Saved entries
┌────────
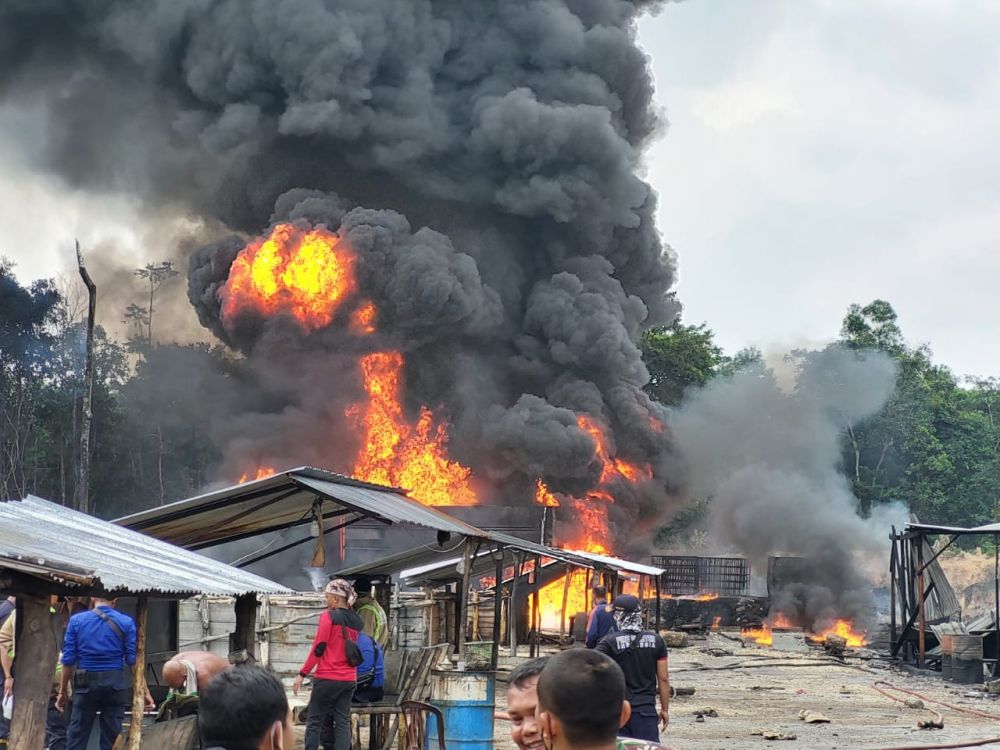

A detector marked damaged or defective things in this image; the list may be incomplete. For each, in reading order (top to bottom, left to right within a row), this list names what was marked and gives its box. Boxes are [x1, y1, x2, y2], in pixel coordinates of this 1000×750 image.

rusted corrugated sheet [0, 496, 290, 596]
rusty metal roof [0, 496, 292, 596]
rusty metal roof [115, 468, 486, 548]
burnt structure frame [892, 524, 1000, 676]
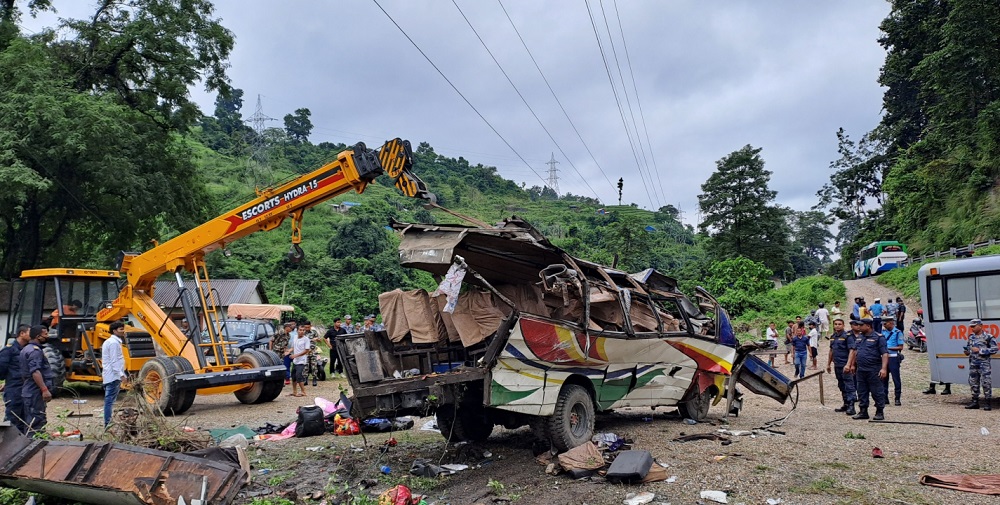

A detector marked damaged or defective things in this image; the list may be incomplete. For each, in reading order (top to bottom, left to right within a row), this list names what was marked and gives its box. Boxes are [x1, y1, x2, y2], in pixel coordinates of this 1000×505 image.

wrecked bus [336, 218, 788, 448]
rusty metal sheet [0, 426, 248, 504]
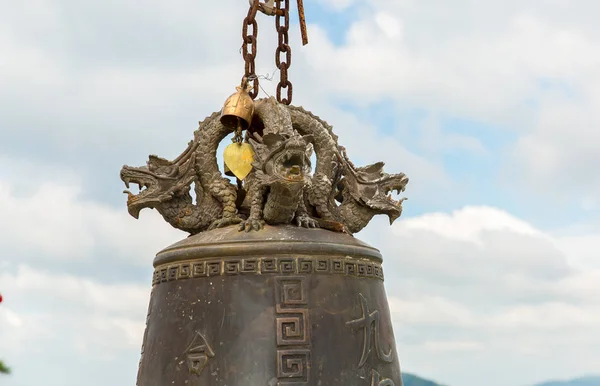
└────────
Your objective: Output the data exactly, pictures omitted.

Problem solution:
A detector marked damaged or defective things in this image; the list may be incomplete. For each, in reading order (top to bottom, left to right within a row), this list names what was marked and gives its box. Boxes are [x1, y1, x2, y2], in pixel coordinates of this 1000×750 image.

rusted corrugated sheet [0, 496, 290, 596]
rusty metal roof [0, 496, 292, 596]
rusty metal roof [115, 468, 486, 548]
burnt structure frame [892, 524, 1000, 676]

A detector marked damaged or defective things in this image; the list may be incomplete. For each, in reading order (top to bottom, left to right within a row), this list names what was marked and gives its box. Boxes are [x1, y1, x2, y2], in pixel coordinates of this 1000×505 image.

wrecked bus [336, 218, 788, 448]
rusty metal sheet [0, 426, 248, 504]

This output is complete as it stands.